* **Work request**
Beginning with the line that contains "Серия Rendez-Vous от", restate each line below through the final one exactly, and exclude the pictures.

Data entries
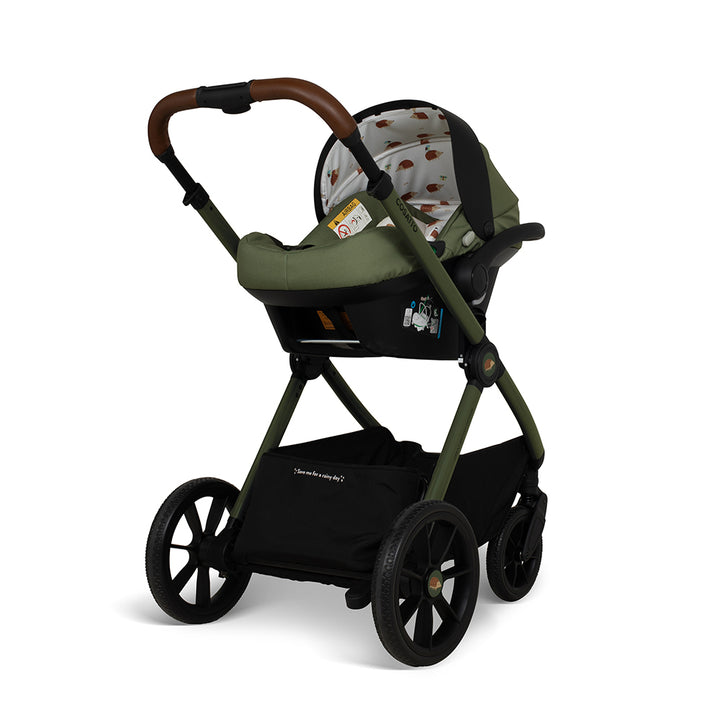 Cosatto Giggle 4 Car Seat Bundle, Hoglet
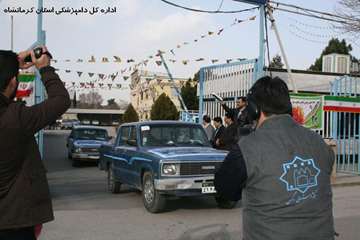 اعزام اکیپ دامپزشکی به مناطق محروم استان کرمانشاه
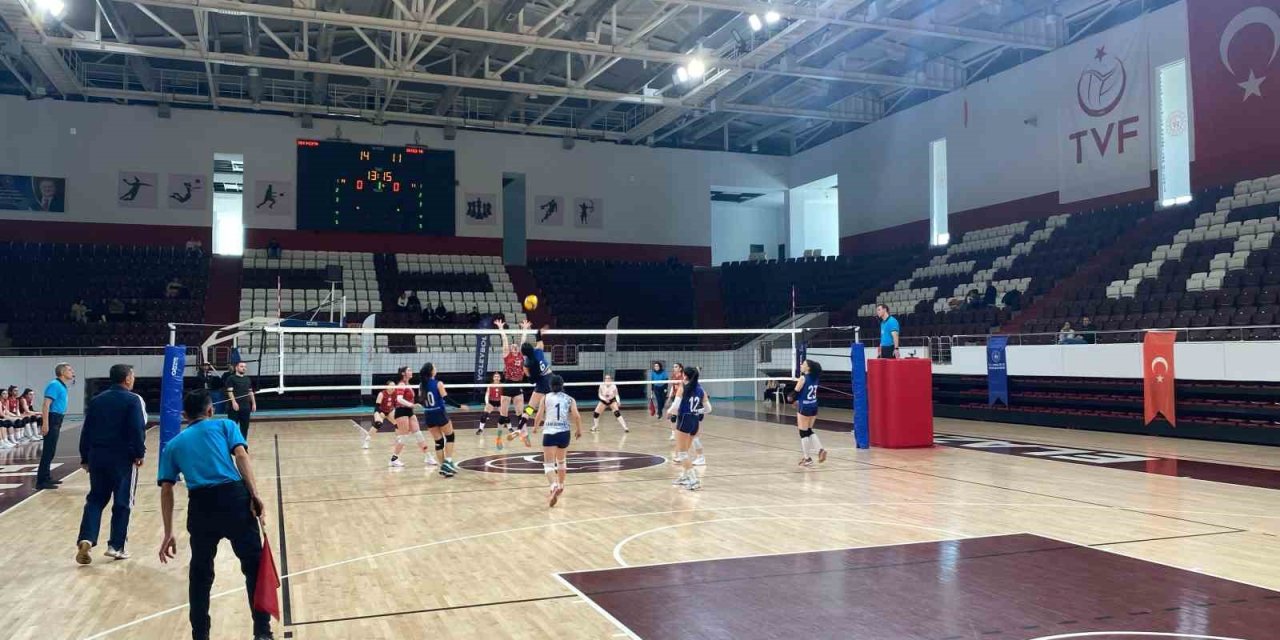 Elazığ’da Okul Sporları Müsabakaları sona erdi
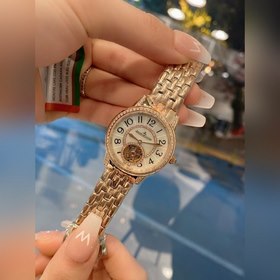 Серия Rendez-Vous от Jaeger-LeCoultre： автоматические механически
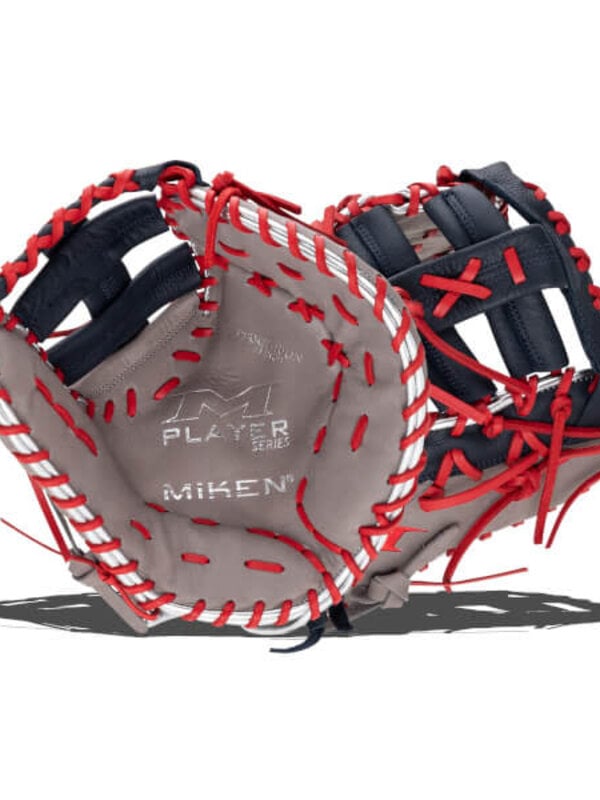 Miken Miken Player Series 13'' Slow Pitch Softball First Base Mitt PSDCT-10GN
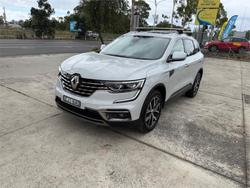 2020 RENAULT KOLEOS INTENS X-TRONIC (4x2)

* **Response to the exercise**
 Серия Rendez-Vous от Jaeger-LeCoultre： автоматические механически
 Miken Miken Player Series 13'' Slow Pitch Softball First Base Mitt PSDCT-10GN
 2020 RENAULT KOLEOS INTENS X-TRONIC (4x2)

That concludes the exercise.